En estas horas históricas, el Partido Comunista, fiel a sus principios revolucionarios, respetuoso con la voluntad del pueblo, se coloca al lado del Gobierno que es la expresión de esta voluntad, al lado de la República, al lado de la democracia.
… El Gobierno de España es un gobierno surgido del triunfo electoral del 16 de febrero, y nosotros lo apoyamos y defendemos porque es la representación legítima del pueblo que lucha por la democracia y la libertad.
… ¡Viva la lucha del pueblo contra la reacción y el fascismo! ¡Viva la República democrática!»[24]

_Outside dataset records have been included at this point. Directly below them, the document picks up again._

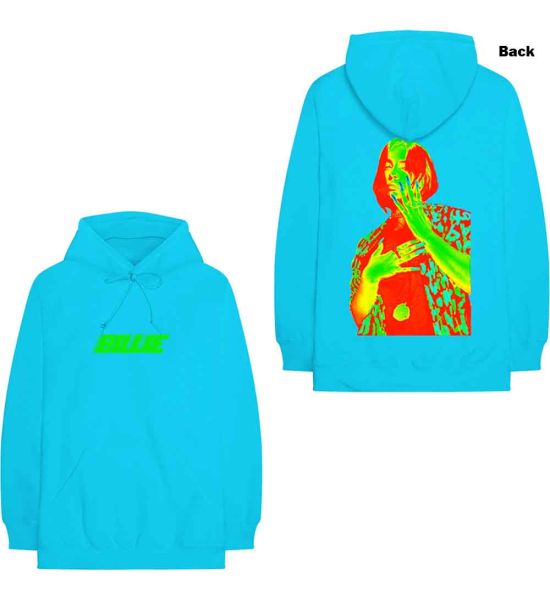 Billie Eilish: Thermal Photo (Back Print) - Neon Blue Pullover Hoodie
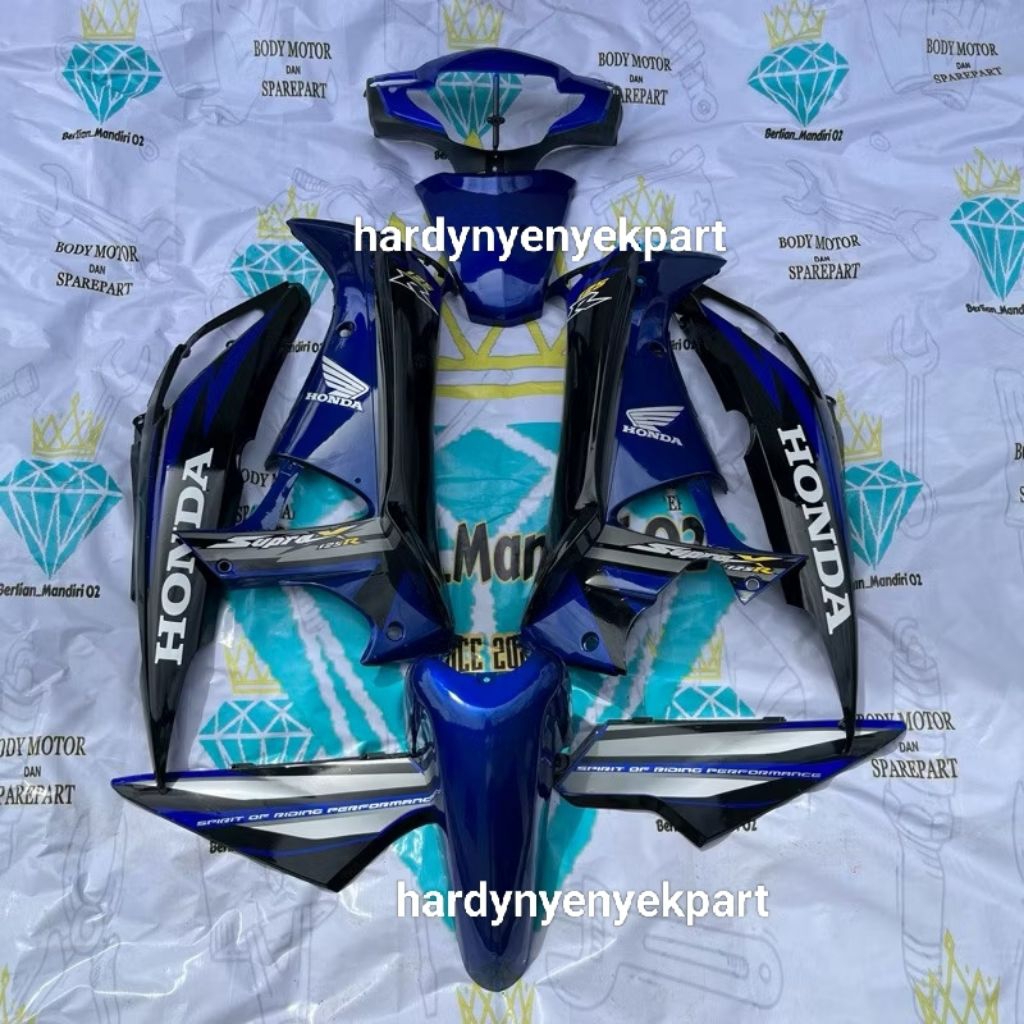 fullset body halus Honda Supra x 125 lama 4tak warna hitam biru tua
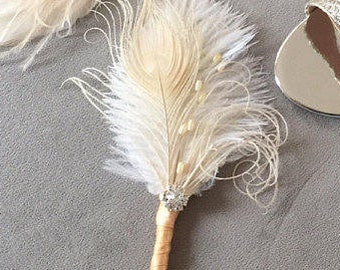 Gold boutonniere Ostrich Feather Bridal Ivory Great Gatsby 1920s groom groomsmen boutonnire  wedding bride feathers boutonniere button hole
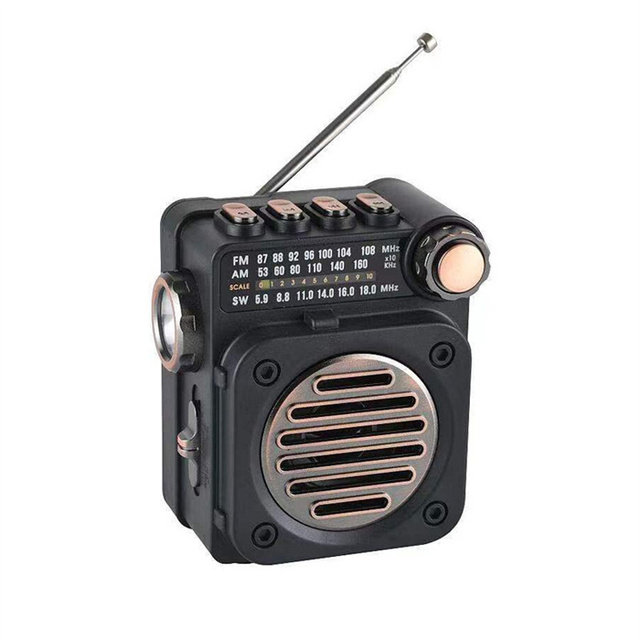 Promotional Creative Retro Mini Pocket FM AM SW Radios Receiver Speaker Wireless BT 5.0 Music Player With LED Flashlight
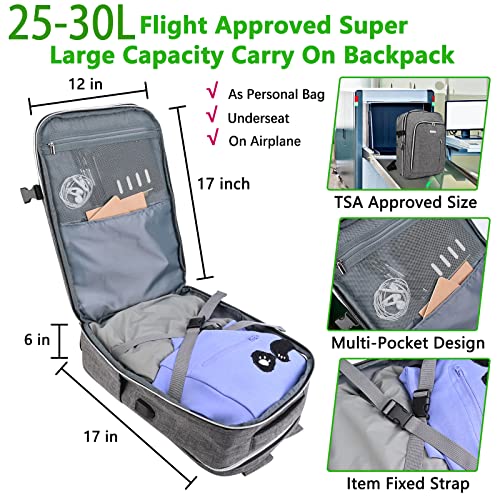Personal Item Travel Carry On Luggage Backpack for Women Men Flight Approved Casual Weekender Laptop Bag for College Business Outdoors Hiking Water Resistant Lightweight Daypack with USB Charging Port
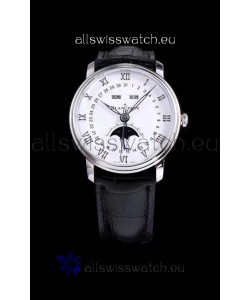 Blancpain "Villeret Quantième Complet" 904L Steel Swiss Watch in White Dial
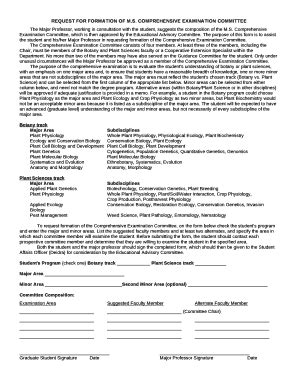 Request For Ation Of M Plantbiology Ucr Doc Template Pdffiller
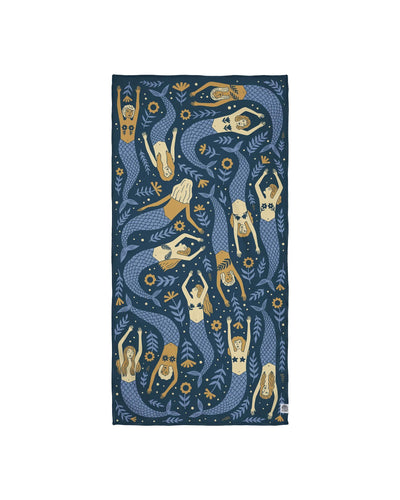Mermaids Wander & Travel Towel featuring unique mermaid designs, perfect for travel with quick-dry and sand-resistant features.
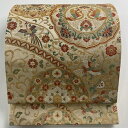 袋帯 美品 秀品 天平華文 向かい鳥 刺繍 金糸 ベージュ 六通 正絹 【中古】
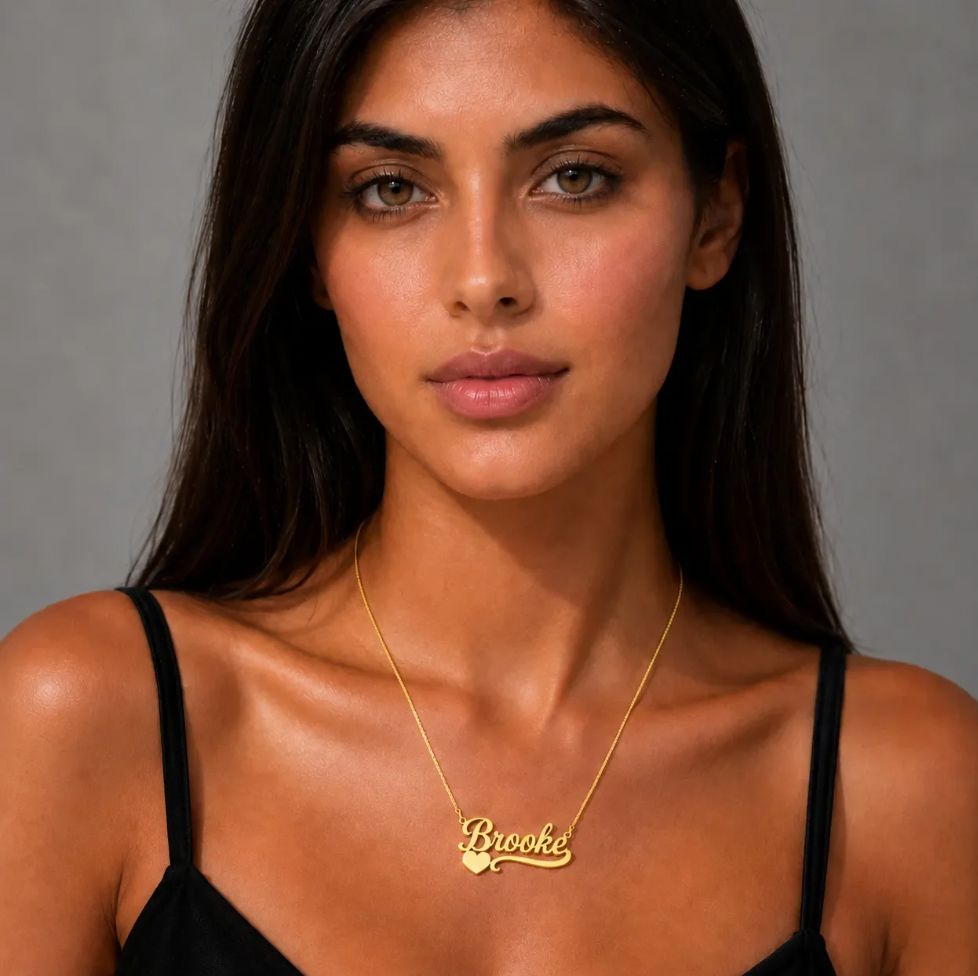 Custom Script Name Necklace with Heart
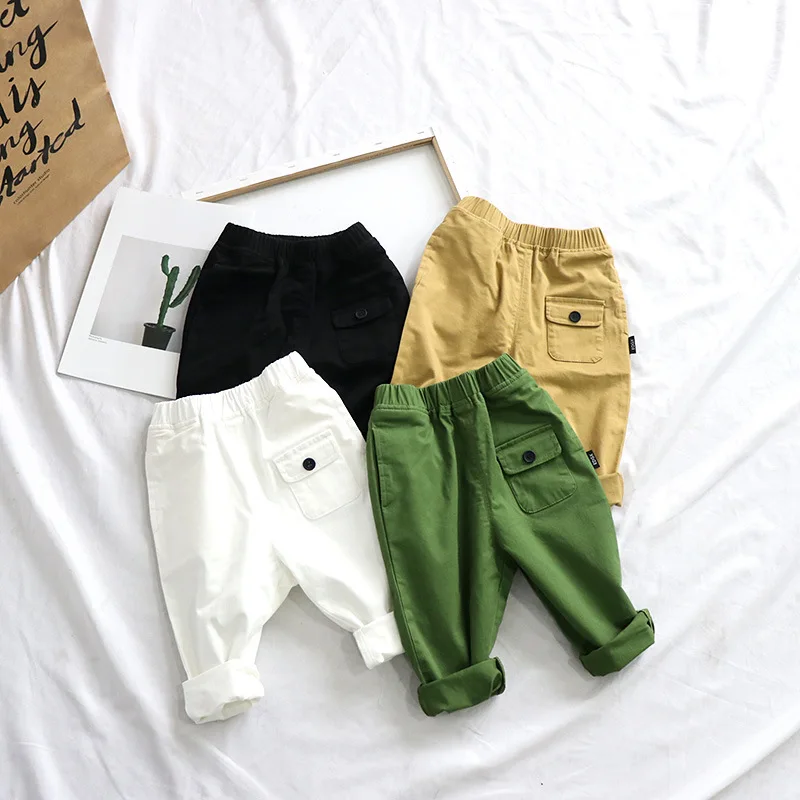 Spring Childrenswear Men And Women Children Casual Pants Children Korean-style Loose-Fit Shuttle Needle Washing Water Skinn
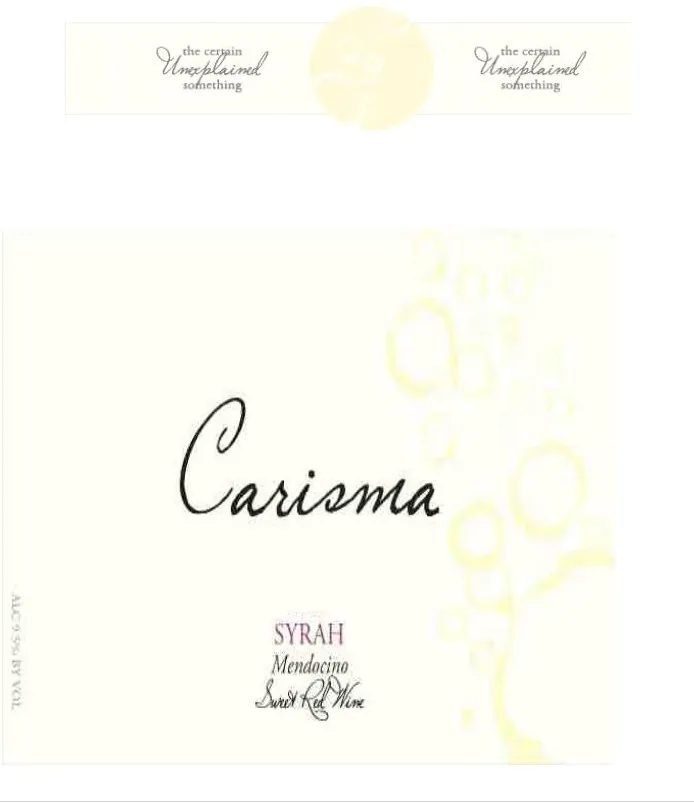 Carisma Syrah Bottle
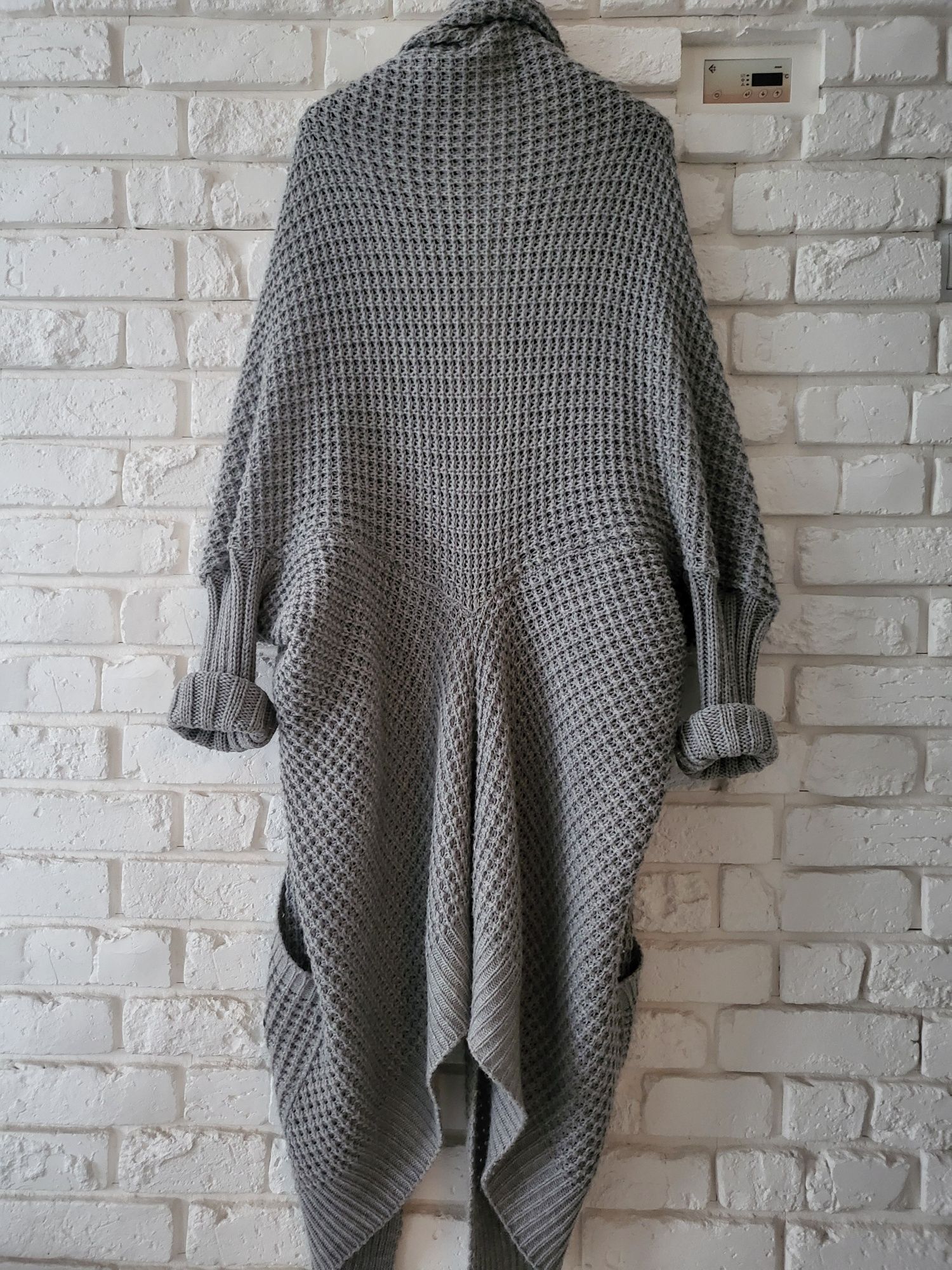 Sweter oversize długi, szary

Así fue como desde el principio el Partido Comunista apareció ante la conturbada clase media, no sólo como defensor de la propiedad, sino como campeón de la República y del todo ordenado proceso de gobierno. No es que dicha clase tuviera total confianza en su buena fe, pero se sentía dispuesta a apoyarlo mientras le ofreciera protección y le ayudara a devolver al Gobierno el poder asumido por los comités revolucionarios. Era natural que su apoyo estuviese mezclado con recelo y miedo, porque en el pasado los comunistas habían seguido una política totalmente distinta, como se verá en el capítulo siguiente.